La mirada de la mil yardas

La mirada de la mil yardas

Hermanos Bateman

14/09/2023

No podía sentirme más orgulloso de mis logros. Daba lo mismo que por la ventana del taxi diluviara, mi rostro tenuemente reflejado en la ventana era el de un triunfador. Hacía sólo dos horas que regresaba a mi hogar después de treinta meses en Afganistán, en ningún momento des de que bajé del avión había soltado la medalla al mérito que abraza mi mano. No era su valor material, era la recompensa y la confirmación de que soy un buen ciudadano, una buena persona y un patriota. Mientras las luces difuminadas de las farolas de la autopista vuelan en la noche, respiro aliviado de haber sobrevivido a horrores inimaginables para los habitantes del primer mundo. Mirar mi tesoro agarrado en mi diestra mano me reconforta.

En mi recuerdo, los sonidos de la guerra zumban en mi interior. Morteros cayendo sobre amigos, compañeros y niños. He visto la desgracia y el dolor en directo, como si yo hubiera elegido una entrada para asistir al infierno de Dante vestido de marine. Esa medalla no me engrandecía sólo por la ayuda a mi país si no por mi capacidad de resilencia estoica al horror.

En silencio y apretando fuerte mi mano, recuerdo el mayor miedo que he vivido. Allí descubrí que la mirada del horror vivido es el espejo de un alma rota. Los psicólogos de nuestro batallón la describían como la mirada de las mil yardas. Una mirada perdida, insensible, como de dos ojos huecos en una cabeza rota por la atrocidad vivida y por la necesidad de evadirse al no entender lo sucedido.

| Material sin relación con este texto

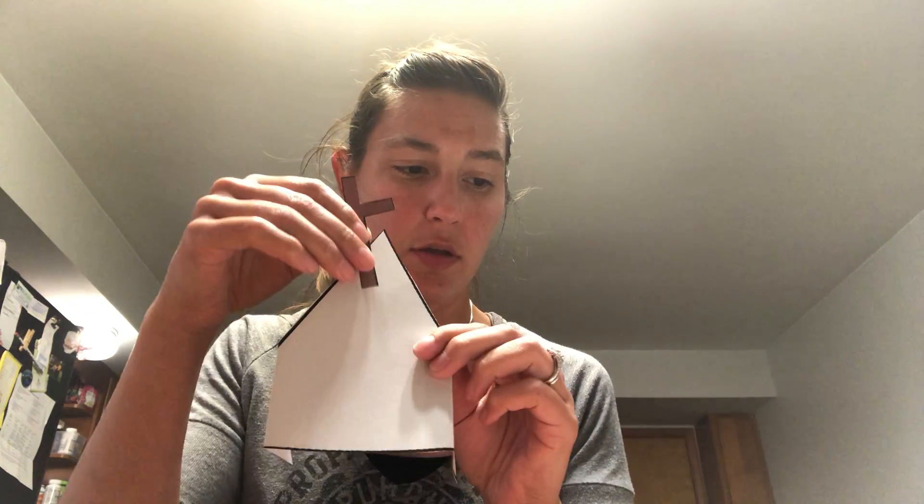All right boys and girls, so once you've cut out your triangle you want to fold it back and then it will stand. And then what you're gonna do is you can tape or glue your cross — I'm just gonna tape this one to the top.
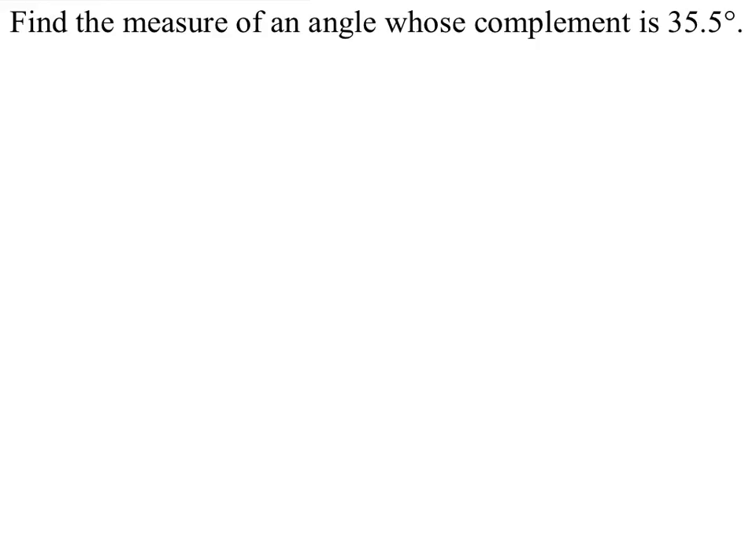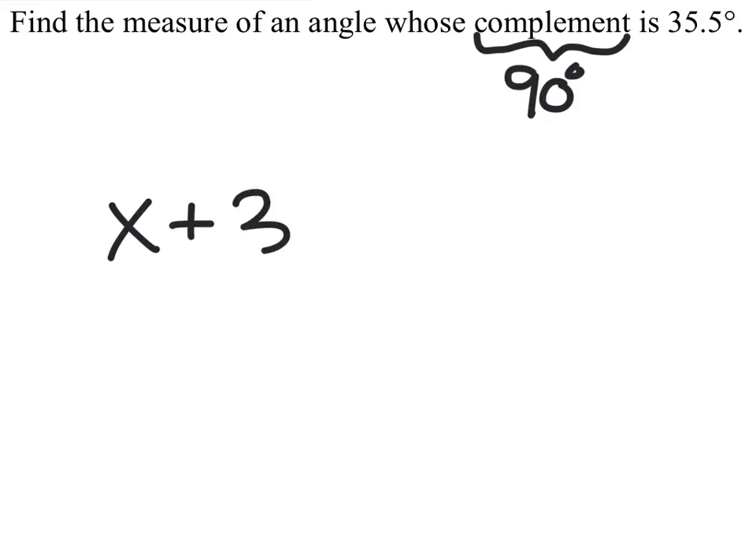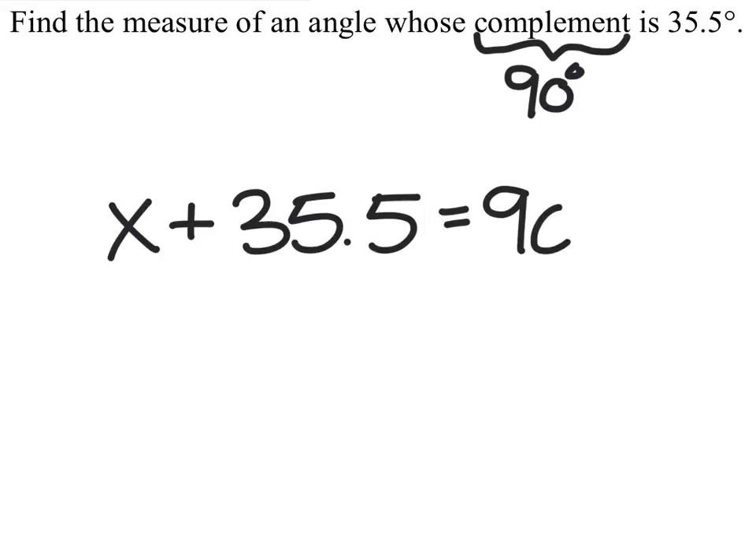Now I hope you guys remember that the complement means that the sum is 90 degrees. So in other words, I have some missing angle, and I have another angle which is 35.5 degrees. This should equal 90 degrees.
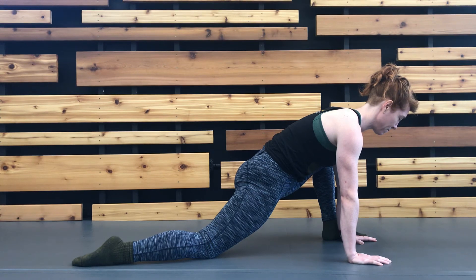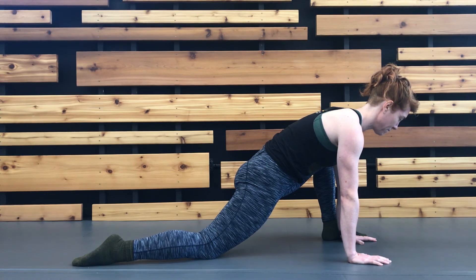Hold for the indicated duration before relaxing into a passive stretch, and repeat.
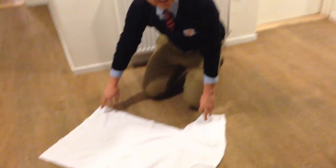How to fold a t-shirt in two seconds. Get yourself a t-shirt and get yourself two hands.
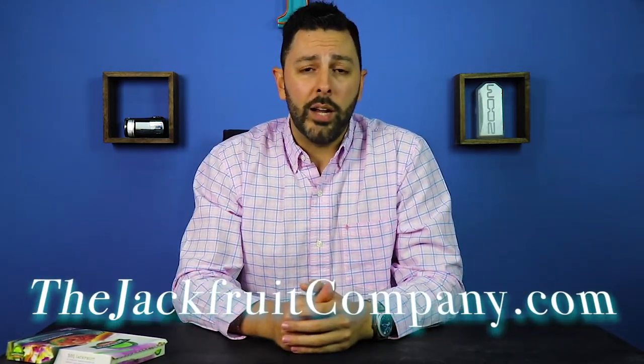Go ahead and visit thejackfruitcompany.com for more details. I believe that one of the most attractive features about this jackfruit is its price point — it's extremely affordable, with costs ranging anywhere between $8 to $10 depending on where you get yours. One huge misconception about veganism is the belief that a vegan lifestyle is expensive, and I think the Jackfruit Company does an absolutely great job at debunking that myth. The ample 10 ounces yields enough for two and a half servings.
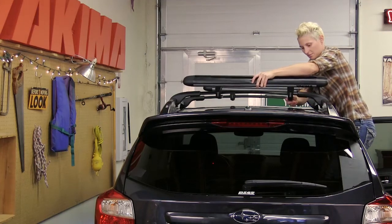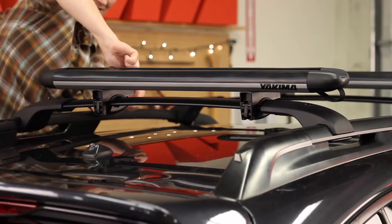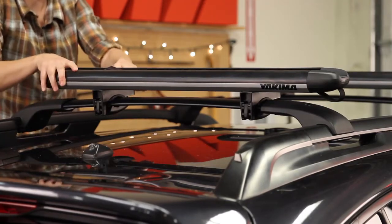Now repeat on the rear crossbar. Make sure the rack aligns with the front one. Tighten it down and we're ready to get a board.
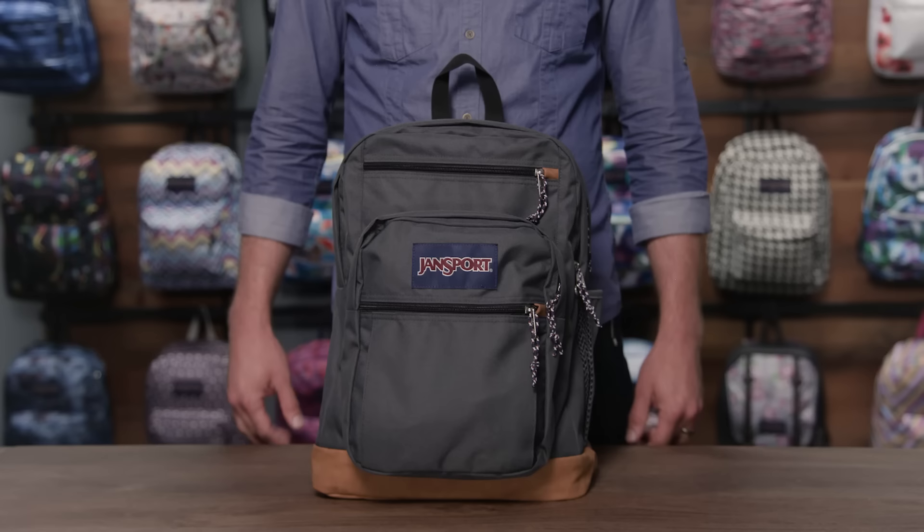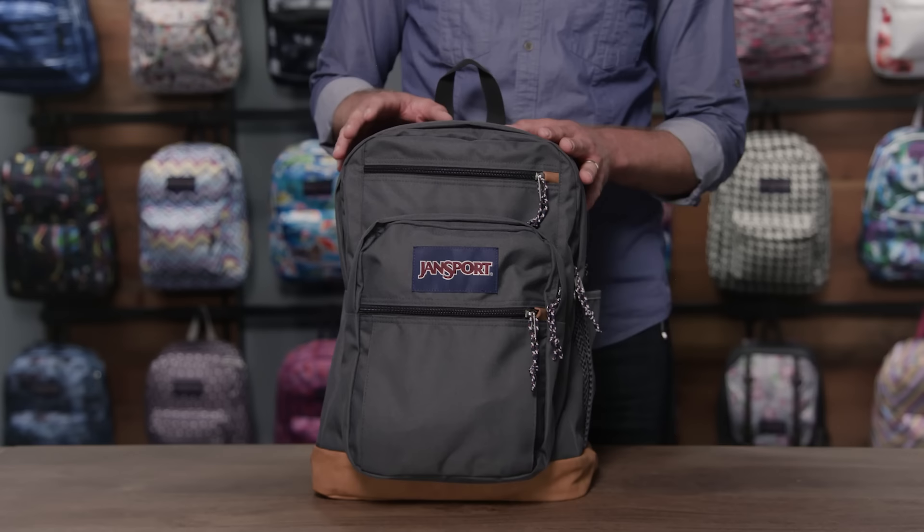Hey guys, I'm Aaron, pack designer here at Jansport, and today I'm going to walk you through some awesome new product. Today we're going to look at the Cool Student. It's a 34 liter pack made out of 600 denier polyester that's lightweight and highly abrasion resistant. It also features a synthetic leather bottom and touch points.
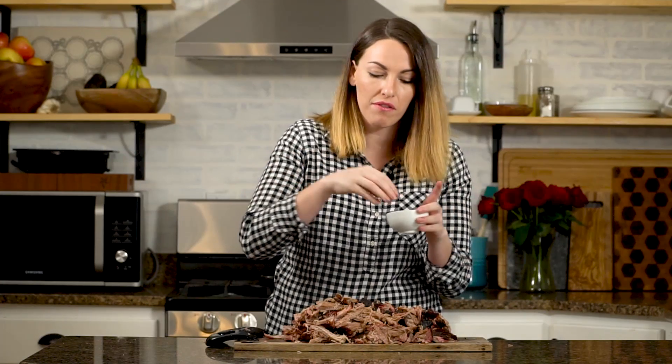Once my pork is shredded, right before I serve, I like to sprinkle with just a little bit more of the sweet rub. It ties all of the flavors back together and brightens everything up just a little bit.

Esa mirada en andrajosos infantes de marina y también en civiles autóctonos se me había clavado en mi memoria. Era más fácil matar a los malos y ayudar a rescatar de runas a familias sin nombre, que mirar los rostros ausentes de compañeros de milicia.

Ese trastorno autista de estrés postraumático no me iba a pasar mí, yo tengo el premio en mi mano que me eleva a héroe contemporáneo, a triunfador realizado y confirmado. Aunque sea con una medalla, igual simbolismo que las que nos daban en primaria cuando realizábamos las tareas o escribíamos sin salirnos de los renglones de la libreta. Me da igual, es mi premio; soy un buen ciudadano.

El taxista hindú no me cobra el viaje si no que me agasaja y recuerda el agradecimiento del pueblo a nuestra labor en el extranjero defendiendo un ideal demócrata que no si llega a entender. Camino los pocos metros que me quedan hasta mi hogar y mi descanso. Quiero caminarlos por que petate a la espalda sigo queriendo abrazar la medalla en mano. Estoy orgulloso y soy un buen ciudadano.

Al cruzar la calle, un viejo Ford sedan color vino tinto alumbra mi virtuoso paso de peatones. Me paro junto a él mirando su abolladura en el frontal derecho. Un escalofrío eléctrico recorre mi cuerpo y enfría el agua de mi frente. Yo recuerdo ese vehículo.

Pongo mi mano derecha sobre mis cejas dejando caer mi tesoro para intentar atisbar dentro del vehículo. Me mira.

Era el vehículo que una ebria noche antes de partir a filas embestí con mi Chevrolet Silverado2500 de dos coma cuatro toneladas a ciento treinta kilómetros por hora y del que ví volar entre cristales rotos un bebe de aproximadamente veinte meses antes de marcharme atemorizado ante los ojos ensangrentados de una madre.

La mirada de las mil yardas de una madre muerta por dentro esta más llena de angustia, desconcierto, ira y venganza que la de la peor de las guerras.

El sonido afónico de un ford acelerando no deja que siga perdido en el trauma de su mirada vacía de vida , sólo un destello de felicidad en sus ojos de madre me alegra antes de recibir la embestida.